* _Instructions for the task_
When you transcribe the listing that follows, keep every line exact and skip any picture.

* _Source material_
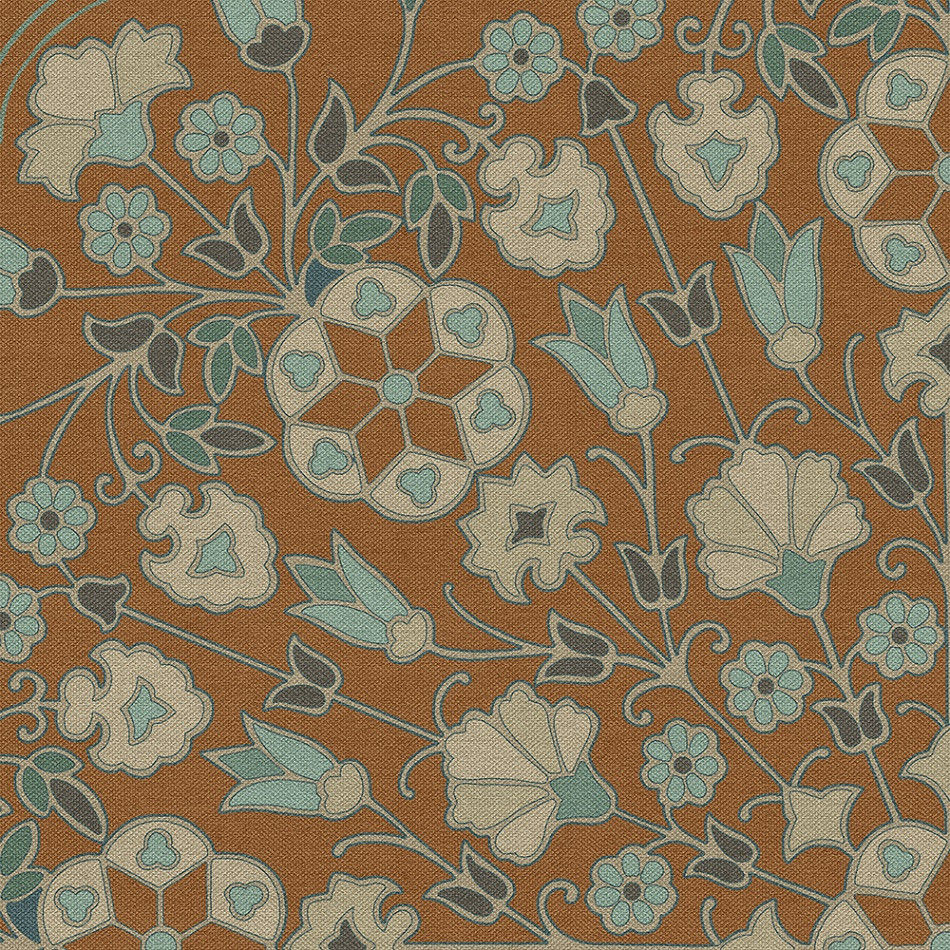 Biltmore Arabesque Bloom Cognac and Sea Glass - round vinyl floor cloth detail 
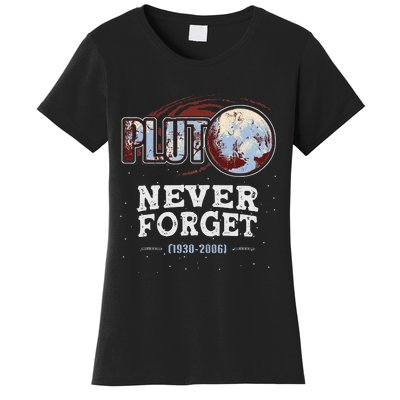 Never Forget Pluto Funny Space Planet Astronomer Women's T-Shirt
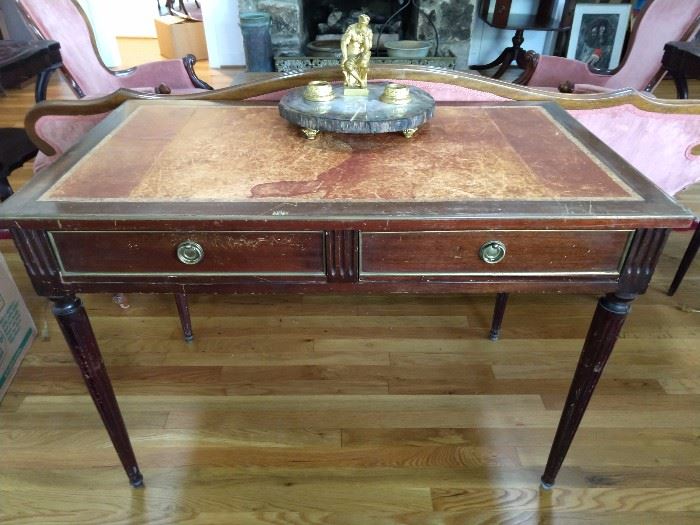 Antique French mahogany 2-drawer writing desk, with tooled leather top.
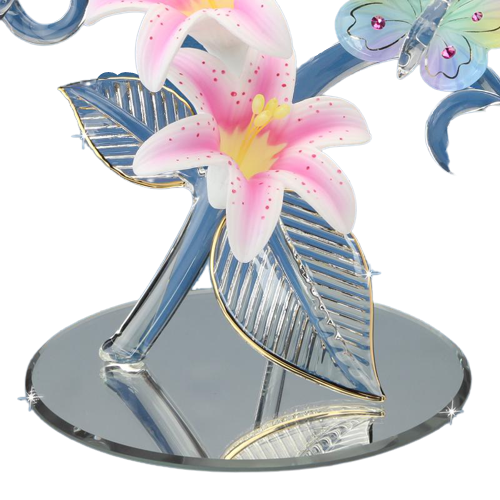 Glass Baron Pink Butterfly and Lily Collectible Figurine with Crystal Accents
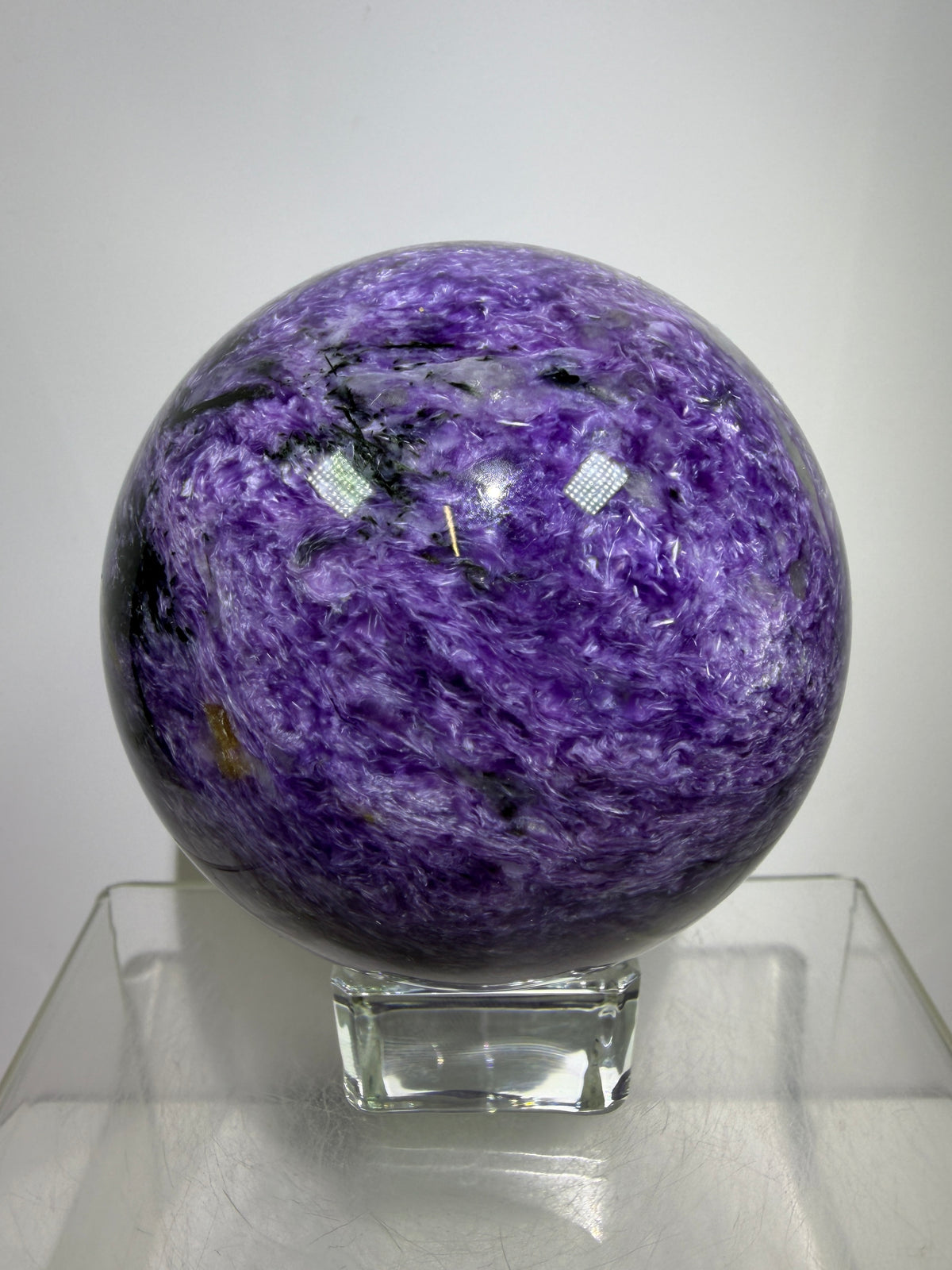 Charoite Crystal Sphere. 79mm. XL High Quality Stunning Crystal. Amazing Patterns And Flash. Gorgeous UV Reaction.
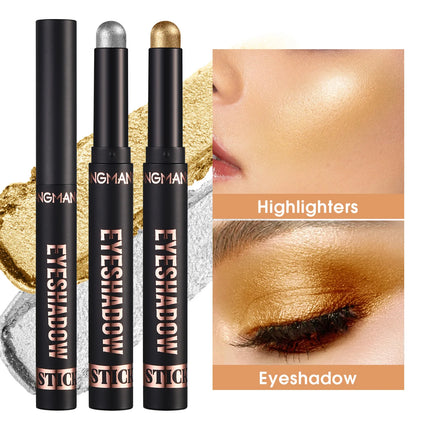 Smoky Dark Blue Eyeshadow Pencil Stick Waterproof Pearlescent 16 Colors Metallic Glitter Eye Shadow Highlighter Pen Makeup Tool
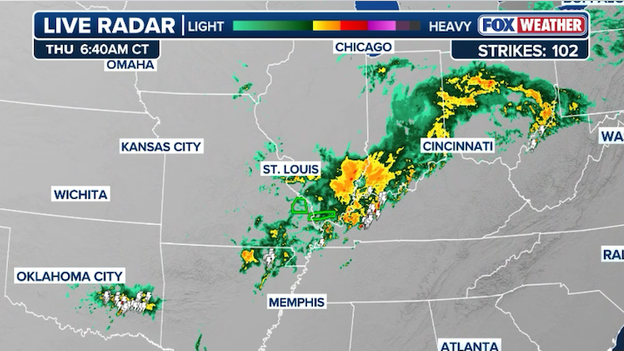 Morning storms douse the Ohio Valley and Ozarks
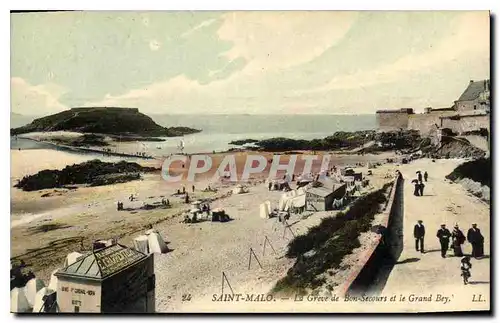 Ansichtskarte AK Saint Malo La Greve de Bon Secours et le Grand Bey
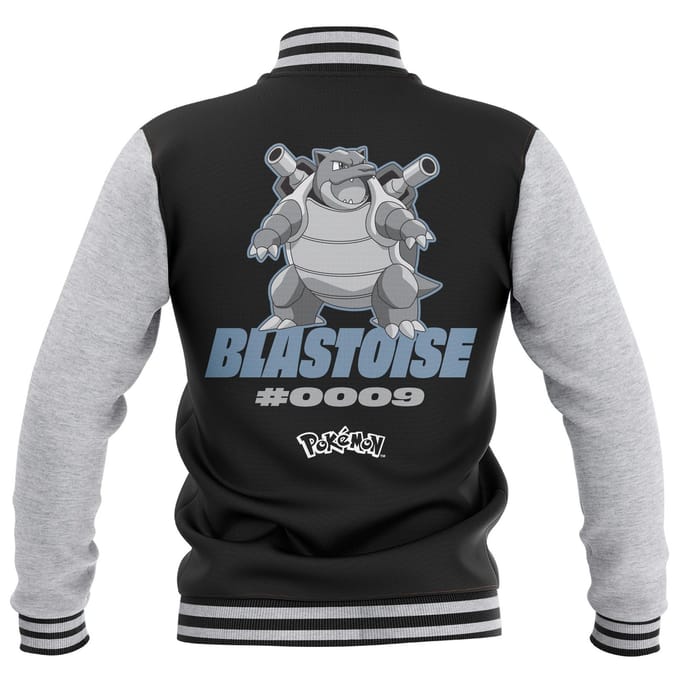 Pokémon Blastoise Unisex Varsity Jacket - Black/Grey - S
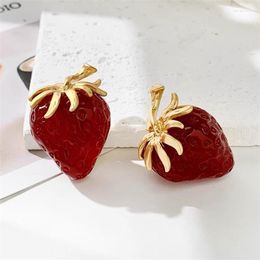 Stud Earrings Fashion Exaggerated Retro Red Strawberry Women 2023Autumn And Winter Sweet Exquisite Trendy All-match Party Jewellery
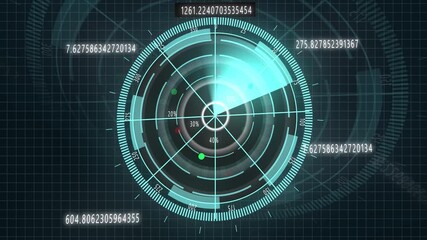 Cyan Futuristic Radar Screen with Grid Overlay, Numerical Data, and Target Markers. Animated cyan radar interface showing grid, live data, and target markers on digital screen. - Powered by Adobe
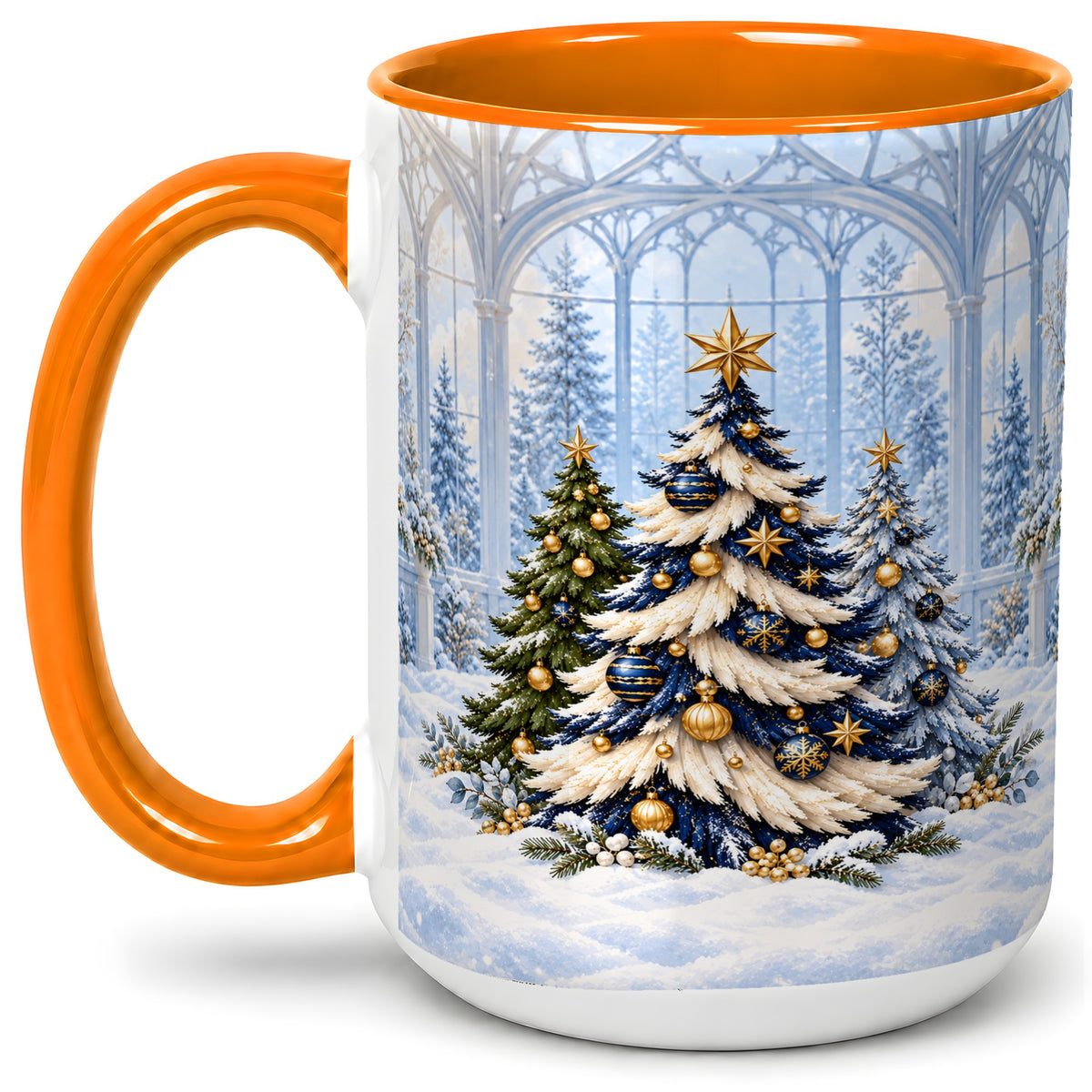 #pl[15oz|Orange] Blue Gold Christmas Trees Accent Ceramic Mug, Winter Scene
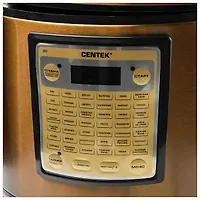 Мультиварка Centek CT-1495 Black Ceramic <золото> 900Вт, 5л, КЕРАМ. ПОКР-Е ЧАШИ, 42прогр +мультишеф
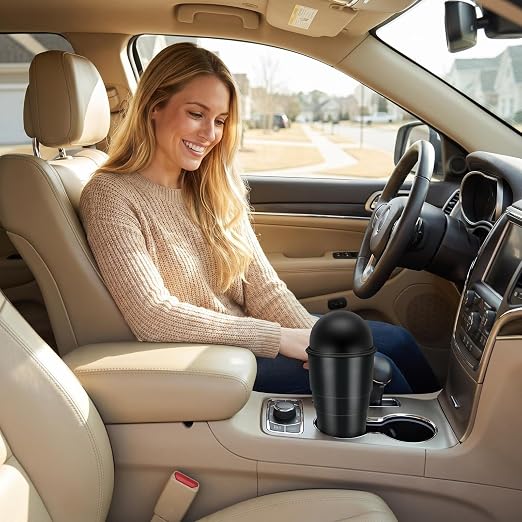 Cup Holder Trash Can, Leakproof Car Trash Can with Lid, Trash Bin for Car Accessories, Mini Garbage Bin Organizer for Automotive Office Home Kitchen, Applicable to Women and Men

* _Result of this task_
 Biltmore Arabesque Bloom Cognac and Sea Glass - round vinyl floor cloth detail 
 Never Forget Pluto Funny Space Planet Astronomer Women's T-Shirt
 Antique French mahogany 2-drawer writing desk, with tooled leather top.
 Glass Baron Pink Butterfly and Lily Collectible Figurine with Crystal Accents
 Charoite Crystal Sphere. 79mm. XL High Quality Stunning Crystal. Amazing Patterns And Flash. Gorgeous UV Reaction.
 Smoky Dark Blue Eyeshadow Pencil Stick Waterproof Pearlescent 16 Colors Metallic Glitter Eye Shadow Highlighter Pen Makeup Tool
 Morning storms douse the Ohio Valley and Ozarks
 Ansichtskarte AK Saint Malo La Greve de Bon Secours et le Grand Bey
 Pokémon Blastoise Unisex Varsity Jacket - Black/Grey - S
 Stud Earrings Fashion Exaggerated Retro Red Strawberry Women 2023Autumn And Winter Sweet Exquisite Trendy All-match Party Jewellery
 Cyan Futuristic Radar Screen with Grid Overlay, Numerical Data, and Target Markers. Animated cyan radar interface showing grid, live data, and target markers on digital screen. - Powered by Adobe
 #pl[15oz|Orange] Blue Gold Christmas Trees Accent Ceramic Mug, Winter Scene
 Мультиварка Centek CT-1495 Black Ceramic <золото> 900Вт, 5л, КЕРАМ. ПОКР-Е ЧАШИ, 42прогр +мультишеф
 Cup Holder Trash Can, Leakproof Car Trash Can with Lid, Trash Bin for Car Accessories, Mini Garbage Bin Organizer for Automotive Office Home Kitchen, Applicable to Women and Men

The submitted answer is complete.